Science & Tech

Biden Names Texas A&M Engineer To Prestigious Advisory Panel

Nuclear security expert Marvin L. Adams will help steer the United States' path on science, technology and innovation.
By Texas A&M University Division of Marketing & Communications September 22, 2021

Marvin L. Adams
Marvin L. Adams.

Texas A&M Engineering

 

President Joe Biden is turning to a renowned Texas A&M University nuclear engineer to strengthen his panel of top science and technology advisors in areas of national security.

Marvin L. Adams was named Wednesday to the President’s Council of Advisors on Science and Technology (PCAST). Adams is the HTRI Professor of Nuclear Engineering, a Regents Fellow and the director of National Laboratories Mission Support for The Texas A&M University System.

The President’s Council is a direct descendant of the scientific advisory committee established by President Eisenhower in 1957 in the weeks after the launch of Sputnik. It is a group of external advisors charged with making science, technology and innovation policy recommendations to the president and the White House.

“I am honored to be selected to serve on the President’s Council,” Adams said. “I am sobered by the responsibility we have to provide sound advice and help the nation in these challenging times.”

The 30 members of the council include leading experts in astrophysics and agriculture, biochemistry, computer engineering, ecology, immunology, nanotechnology, neuroscience, national security, social science and cybersecurity.

Adams, 62, is considered the nation’s foremost academic expert on stewardship of the nuclear stockpile. He has served on many review and advisory bodies related to national security and has years of experience working with the military and U.S. scientists at Lawrence Livermore, Sandia and Los Alamos National Laboratories.
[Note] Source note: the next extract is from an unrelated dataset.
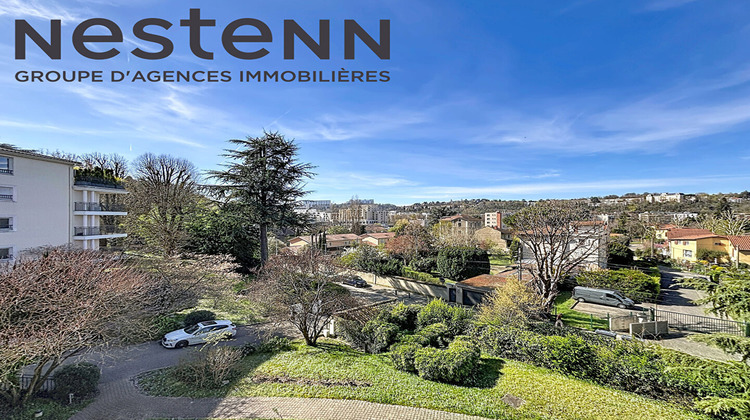 Ma-Cabane - Vente Appartement CALUIRE-ET-CUIRE, 83 m²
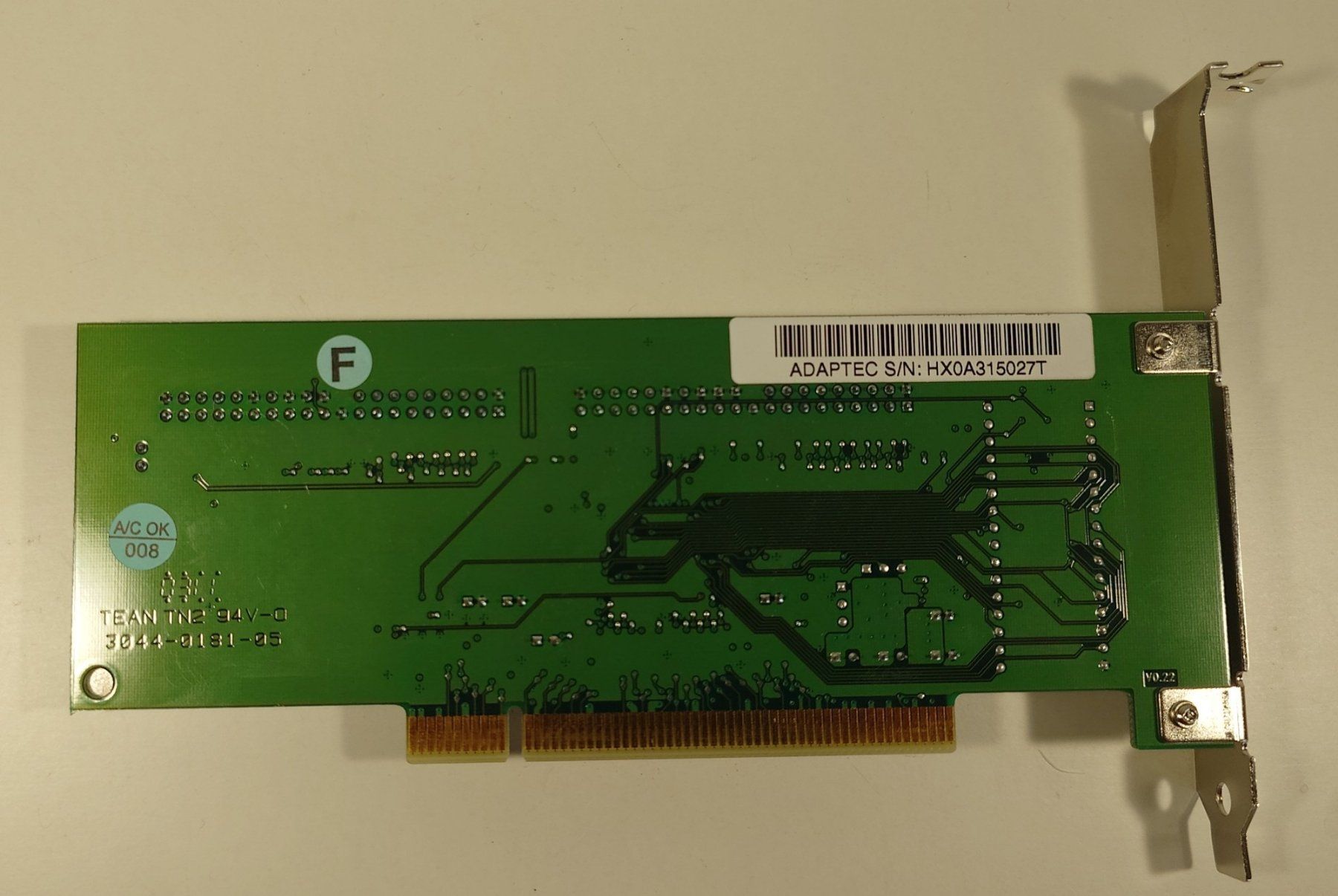 Laufwerke & Adapter: Adaptec ATA RAID 1200A RAID Controller, getestet Win10 – Gebraucht aus Ostermundigen von Chrisascht 3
Adams is the only academic on the Stockpile Assessment Team of U.S. Strategic Command, which annually assesses the nation’s nuclear capabilities for the president and Congress.
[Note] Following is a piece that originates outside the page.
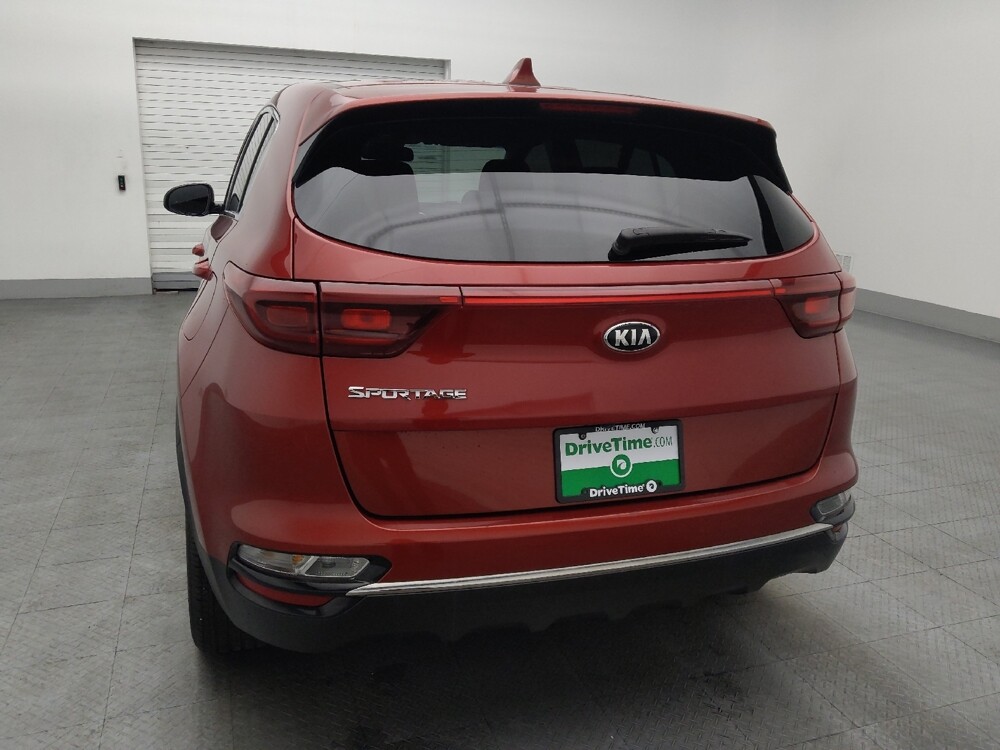2020 Kia Sportage in Hialeah, FL 33014 - 18111503 6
As a researcher, Adams has advanced the nation’s ability to use complex computational algorithms that help gauge the reliability of weapons systems in an era when explosive nuclear testing is banned.

“He has no peer in his field,” said John Sharp, Chancellor of The Texas A&M System. “His world-class research capabilities, combined with his first-hand experience in the national labs, make him an outstanding choice for this vital assignment.”
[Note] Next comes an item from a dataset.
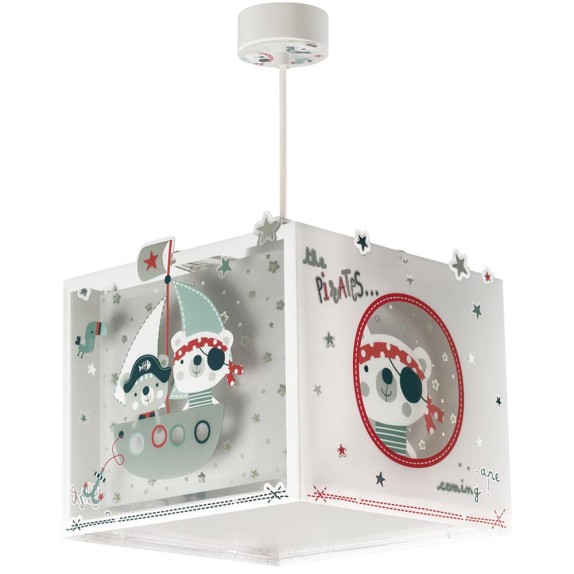 Παιδικό Φωτιστικό Οροφής Ango The Pirates 74552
Adams was instrumental in the System obtaining a federal contract in 2018 to help manage the Los Alamos Lab in New Mexico. He joined the Texas A&M faculty in 1992 after more than five years as a computational physicist at Lawrence Livermore.

“Dr. Marvin Adams’ selection to PCAST is an incredible honor and we are proud of his long affiliation and service to Texas A&M,” said M. Katherine Banks, Texas A&M University President. “Dr. Adams has a rare combination of expertise in nuclear weapons and energy and has played an instrumental role with the national labs. He is an excellent choice for this national thought leadership position.”

Adams is the first Texas A&M professor named to the President’s Council since Norman Borlaug, the Nobel Prize winning professor of international agriculture, served in the early 1990s.

“I am grateful to be at Texas A&M,” Adams said. “It’s a university that values service to the nation and provides an environment that has helped me grow through my career.

“As a result, I’ve had incredible, unusual opportunities for service in the interest of U.S. national security.”

William Press, a computer scientist, computational biologist and astrophysicist at The University of Texas at Austin, also was appointed to the panel.